The Federal Bureau of Investigation (FBI) 9/11 Review Commission was formed by Congress in January 2014 to conduct a comprehensive review of the recommendations related to the FBI that were proposed by the original 9/11 Commission. The commission, which was publicly announced by Republican Congressman Frank Wolf of (VA-10), consisted of three congressionally appointed members supported by an executive director and staff.

On March 26, 2014, the commission's members testified regarding their initial progress before the House Appropriations Subcommittee on Commerce, Justice, Science, and Related Agencies.

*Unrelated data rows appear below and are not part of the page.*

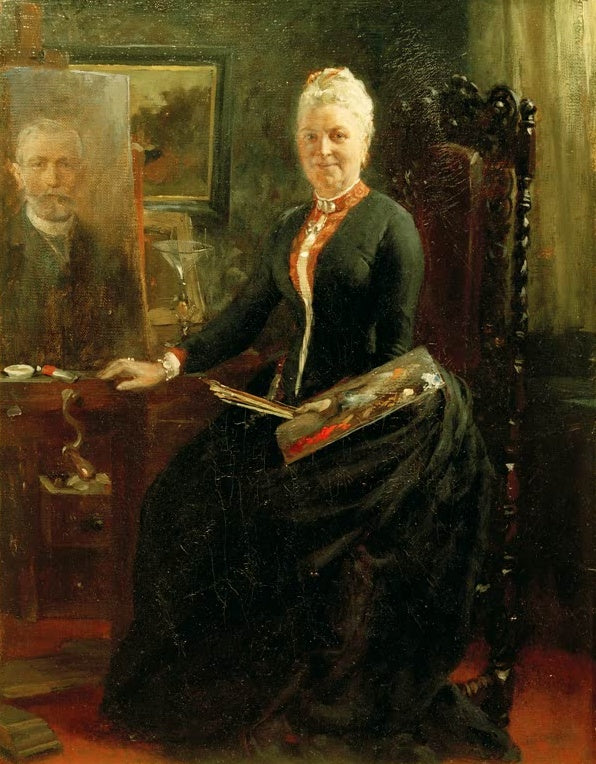 Ferdinand Brütt Malerin an der Staffelei Kunstkopie, Künstlerin mit Palette vor gemaltem Porträt
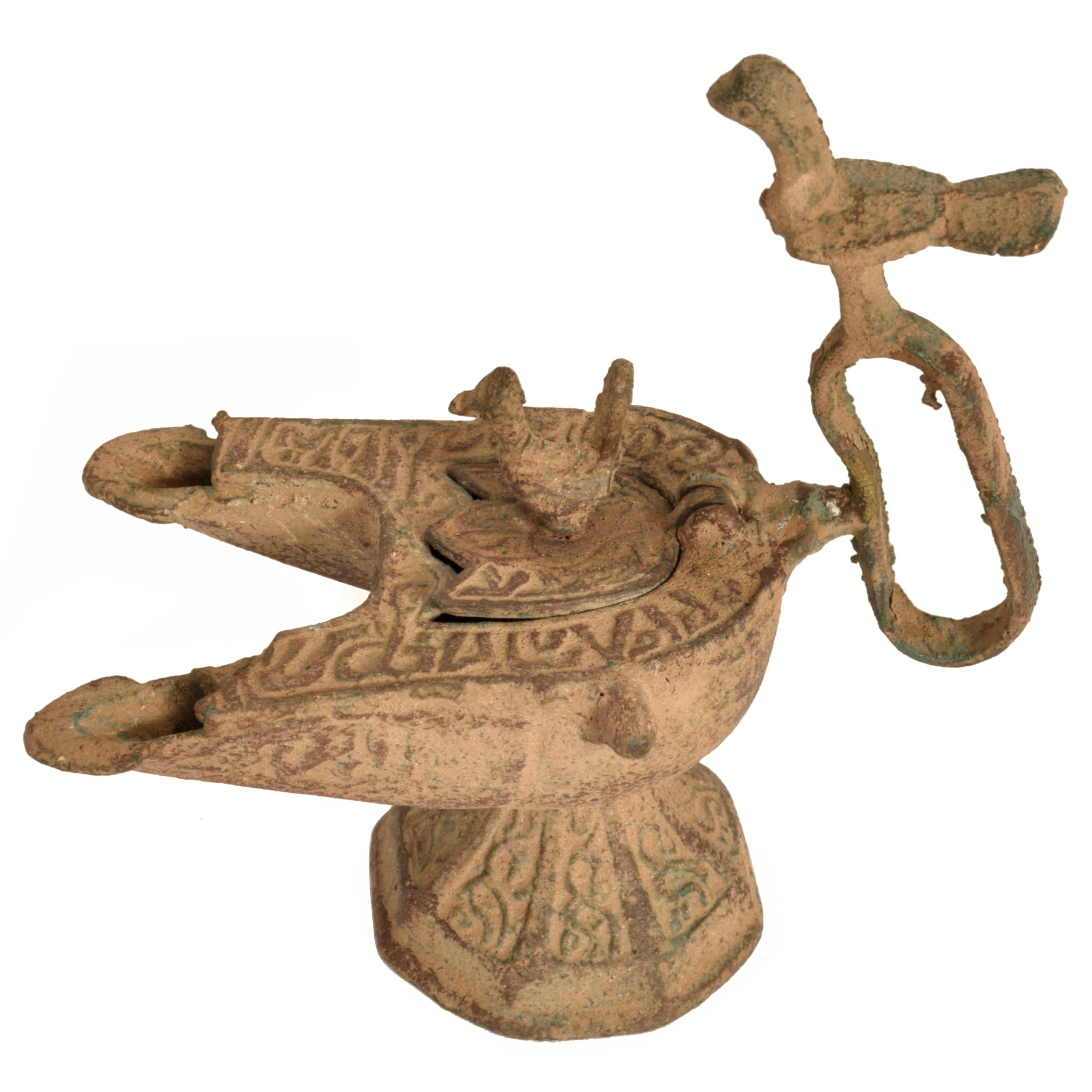 Ancient Persian Khurasan Islamic Engraved Calligraphy Bronze Oil Lamp c.1200  For Sale 3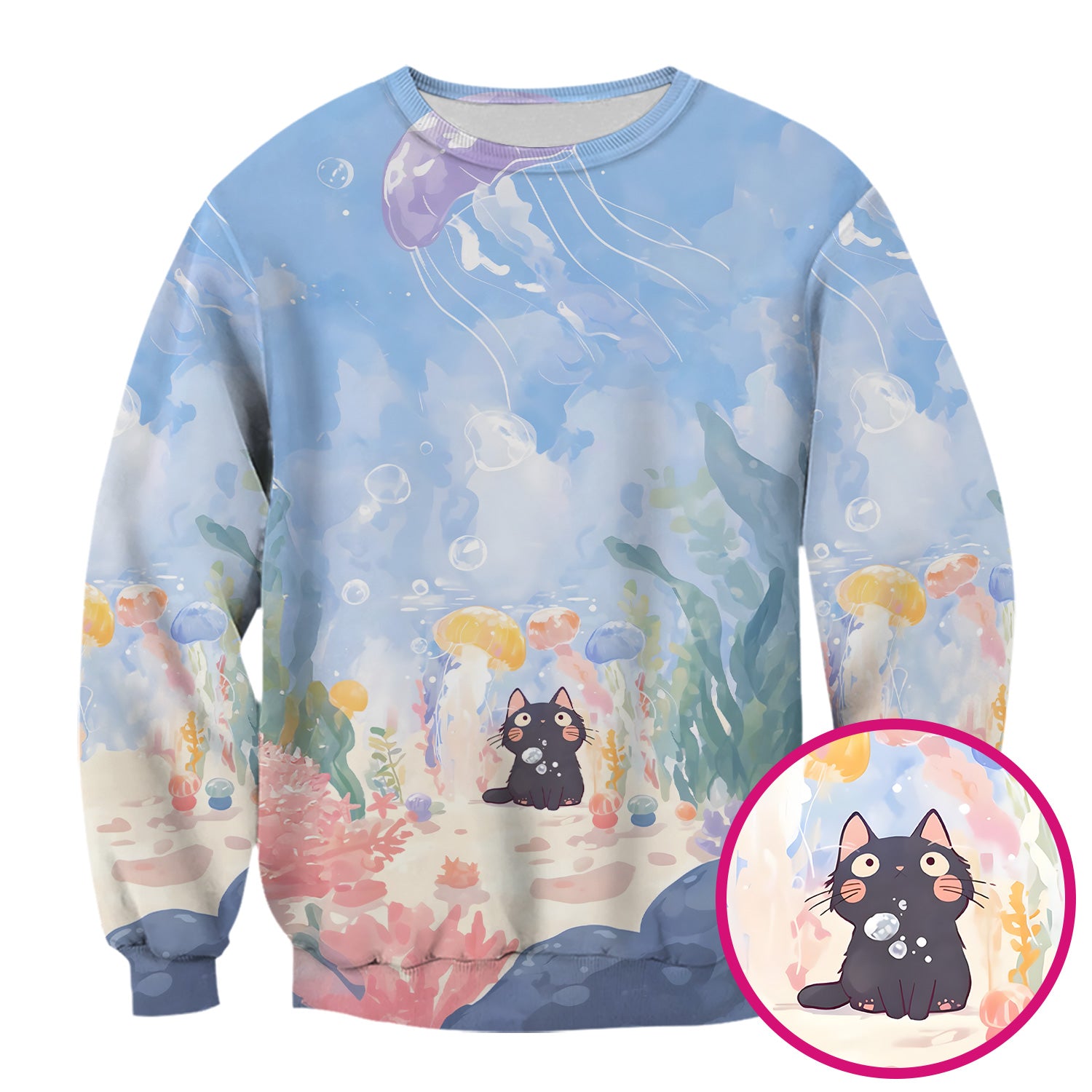 Cute Underwater Black Cat Jellyfish Pattern Scrub Top, Comfortable Scrubs for Nurses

Following 14 months of research, interviews, briefings and field visits the commission issued an unclassified public version of its final report titled The FBI: Protecting the Homeland in the 21st Century on March 25, 2015. Its overarching conclusion was that while the FBI had made significant advances since 9/11, there remained "a significant gap between the articulated principles of its intelligence programs and their effectiveness in practice". The report found that the agency needed to urgently improve its ability to collect and efficiently analyze information, contending that the bureau was lagging "behind marked advances in law enforcement capabilities", noted a need to hire more linguists and translators, and stated that budget cuts had "severely hindered the F.B.I.'s intelligence and national security programs."

== Commissioners ==
- Bruce Hoffman - Professor, Georgetown University Edmund A. Walsh School of Foreign Service
- Edwin Meese - Former United States Attorney General
- Tim Roemer - Former Congressman from Indiana and Former United States Ambassador to India

== Staff Members ==
- John Gannon - Executive Director
- Kim Cragin
- William Giannetti
- Barbara A. Grewe
- Christine Healey
- Seth G. Jones
- Johanna Keena
- Joseph Moreno
- Jamie Pirko
- Elisabeth Poteat
- William Richardson
- Amy Buenning Sturm
- Caryn Wagner

== Case Studies ==
As part of its review, the Commission selected five case studies to examine the FBI's response to high-profile terrorist plots and attacks since 2008.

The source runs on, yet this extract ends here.